If you have not shopped your auto policy in the last year, the table below tells you what you should be paying. Anything 25% above the number for your age and state is the carrier betting you will not check.
Pull three quotes this weekend. Most drivers can cut $60-$80 a month in twenty minutes. Real money.
Average premiums by age group
Age is one of the biggest rating factors in auto insurance. Insurers use historical claims data to price by age, and the spread between the cheapest and most expensive age groups is huge.
| Age Group | Avg Annual Premium (Full Coverage) | Avg Annual Premium (Liability Only) |
|---|---|---|
| 16-17 | $6,200 | $2,800 |
| 18-19 | $4,800 | $2,100 |
| 20-24 | $3,200 | $1,450 |
| 25-29 | $2,100 | $950 |
| 30-39 | $1,620 | $720 |
| 40-49 | $1,540 | $680 |
| 50-59 | $1,480 | $650 |
| 60-69 | $1,550 | $680 |
| 70+ | $1,820 | $790 |
These are national averages for a single driver with a clean record, a moderate vehicle, and standard coverage levels. Your specific rate will vary based on location, vehicle, and credit history (where allowed).
The steep teen rates reflect their crash rates. 16-17 year olds have roughly four times the per-mile crash rate of 25-64 year olds. The modest bump for drivers 70 and older reflects rising accident frequency as reaction times slow.
Average premiums by state tier
States cluster into rough tiers by overall cost. This is a simplified view. Rates vary by city and ZIP within each state, but the tiers give useful reference points.

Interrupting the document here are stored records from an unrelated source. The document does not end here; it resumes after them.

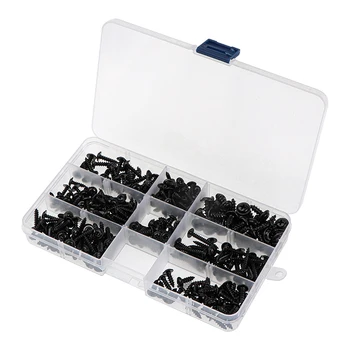 

340pcs Tapping Screw Cross Head Carbon Steel Self Tapping M3 M4 M3.5 M4.8 Screw Set Woodworking Assortment Kit
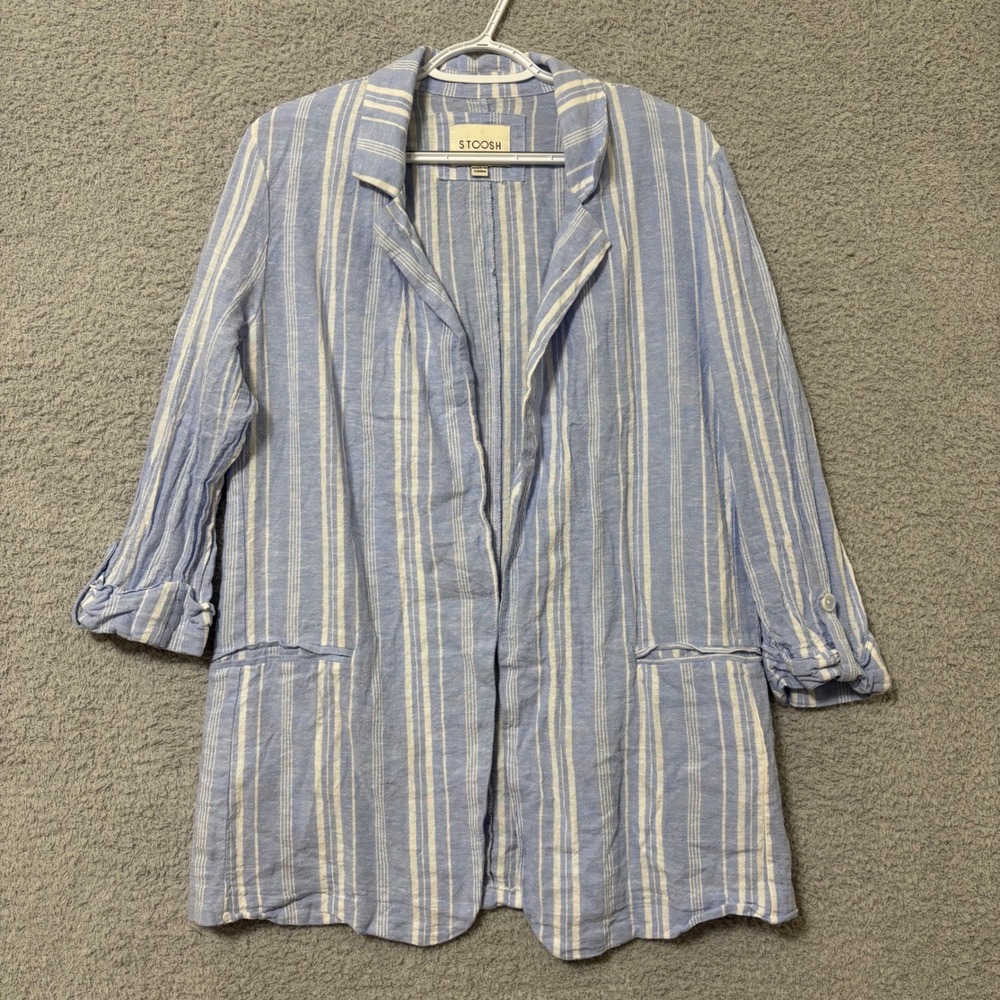 Linen Blend Striped Blazer Lightweight Layering Jacket Casual Work Open Front L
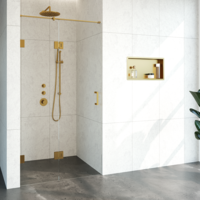 Nisdeur Compleet Just Creating Profielloos 2-Delig (Draaideur Bevestigd op Inloopwand) 110x200 cm 50/60 Goud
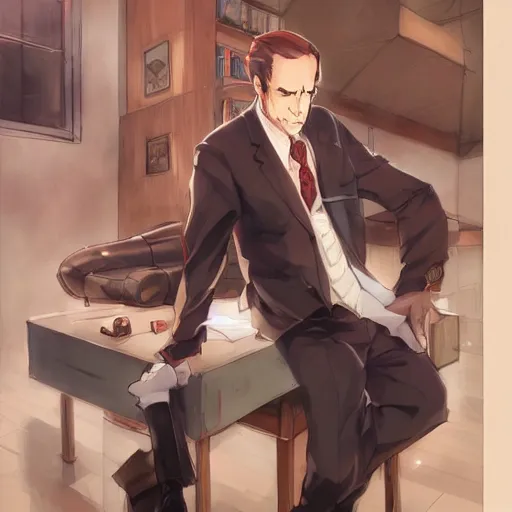 Image similar to saul goodman, art by krenz cushart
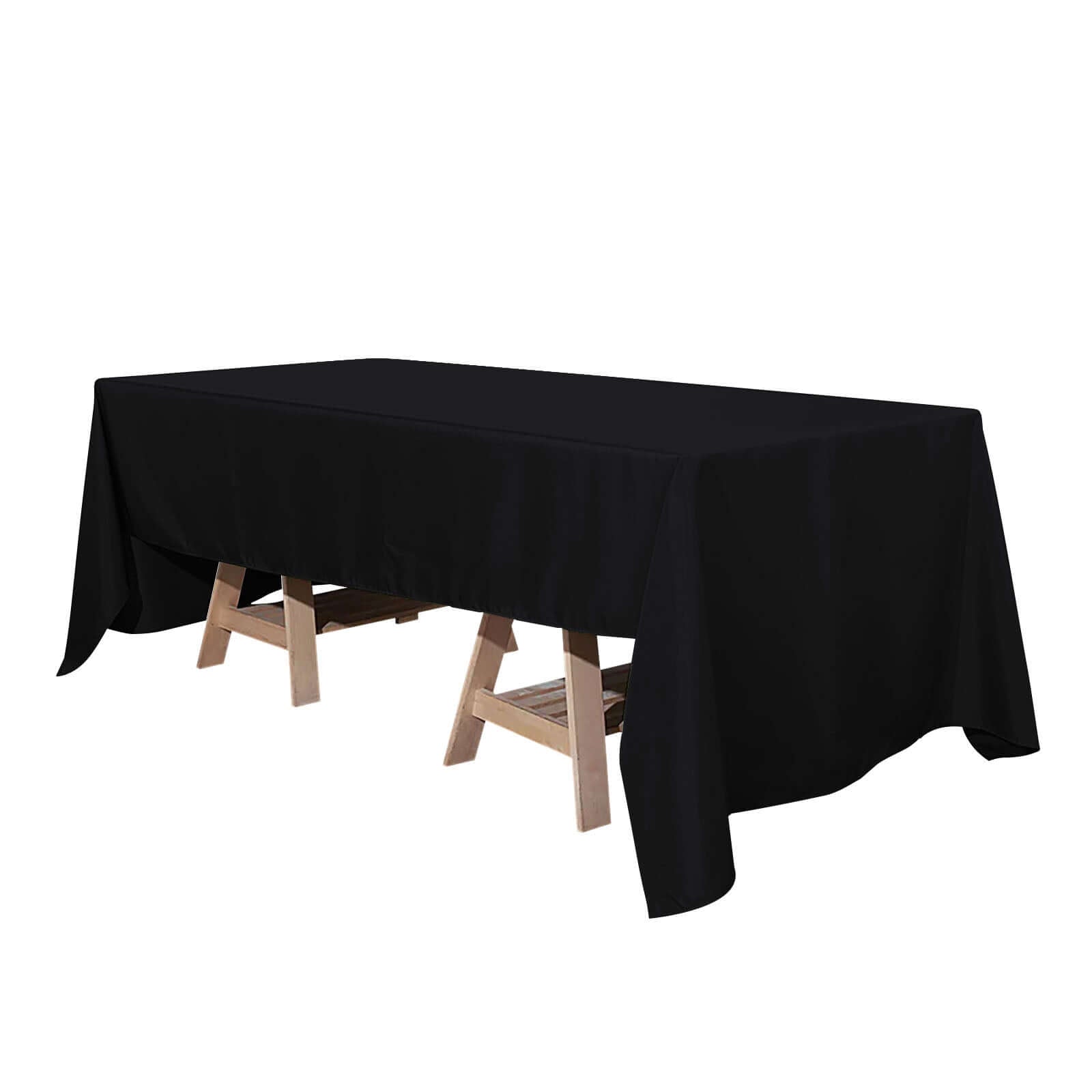 Premium Polyester 60"x126" Rectangle Tablecloth Black - Stain - Resistant 220GSM Finish for Special Events - NestOCart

| State Tier | Example States | Avg Full Coverage Annual |
|---|---|---|
| High cost | Florida, Michigan, Louisiana, New York | $2,400 - $3,800 |
| Above average | California, Nevada, New Jersey, Delaware | $1,900 - $2,400 |
| Average | Texas, Georgia, Illinois, Colorado | $1,500 - $1,900 |
| Below average | Ohio, Indiana, Wisconsin, North Carolina | $1,200 - $1,500 |
| Low cost | Idaho, Maine, Vermont, Iowa | $900 - $1,200 |
Michigan historically topped every state cost chart because of its unique unlimited personal injury protection requirement. Rate reform has brought it down a lot from peak. Florida now ranks highest in most surveys, driven by high uninsured driver rates, litigation frequency, and weather claims.

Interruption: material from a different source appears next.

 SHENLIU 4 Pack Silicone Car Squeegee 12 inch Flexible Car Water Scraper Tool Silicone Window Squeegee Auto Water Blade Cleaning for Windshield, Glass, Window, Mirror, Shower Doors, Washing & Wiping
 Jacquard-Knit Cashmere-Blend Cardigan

What a bad driving record actually costs
Carriers price driving incidents differently, but these ranges capture the market-wide averages for the three most common infractions.

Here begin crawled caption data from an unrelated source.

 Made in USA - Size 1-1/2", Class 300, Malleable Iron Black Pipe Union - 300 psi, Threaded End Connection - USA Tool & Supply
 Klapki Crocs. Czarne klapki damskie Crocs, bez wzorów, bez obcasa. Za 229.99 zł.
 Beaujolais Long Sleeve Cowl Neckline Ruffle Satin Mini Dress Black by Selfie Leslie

Single at-fault accident: Rate increase of 35-50% from pre-incident premium, sustained for 3-5 years. On a $1,600 annual premium, that is $560-$800 added per year, or roughly $2,000-$3,500 in extra total cost before the incident ages off.
Single speeding ticket (15+ mph over): Rate increase of 20-30% for 3 years. On $1,600, that is $320-$480 per year in extra cost.
DUI conviction: Rate increase of 60-150% in the first year. Many standard carriers will non-renew the policy, forcing the driver into high-risk (non-standard) markets where base rates are already higher. A driver moving from a $1,600 standard market policy to a high-risk market policy can see total premium jump to $4,000-$6,000 per year.
Multiple incidents: The increases are not strictly additive, but they stack. A driver with both a speeding ticket and an at-fault accident in the past 3 years may find every major carrier declines to write their policy, leaving only non-standard options.
What drives the spread within a state
Even within a single state, individual rates can vary by 2-3x based on:
Vehicle: A 2024 pickup truck costs more to insure than a 2018 sedan because of higher replacement cost and higher theft rates. Sports cars and high-performance vehicles add a further surcharge.
Credit history: In most states, carriers use credit-based insurance scores as a rating factor. Drivers with excellent credit can pay 20-40% less than drivers with poor credit for identical coverage. California, Hawaii, and Massachusetts ban the practice.
Annual mileage: Drivers who commute less than 7,500 miles per year qualify for low-mileage discounts with most carriers, typically 5-15%.
ZIP code: Two drivers in the same city can pay very different rates based on their specific ZIP’s claims history, vehicle theft frequency, and traffic patterns.
How to get the right quote
The only way to know your actual cost is to pull quotes from at least four carriers. National averages are useful reference points, but your specific mix of age, ZIP, vehicle, driving history, and credit produces a rate that can be 40% above or below the average for your demographic.
Shop at every renewal, not just when you first buy. Rates move constantly. The carrier that was cheapest for you three years ago may not be competitive today. Worth shopping.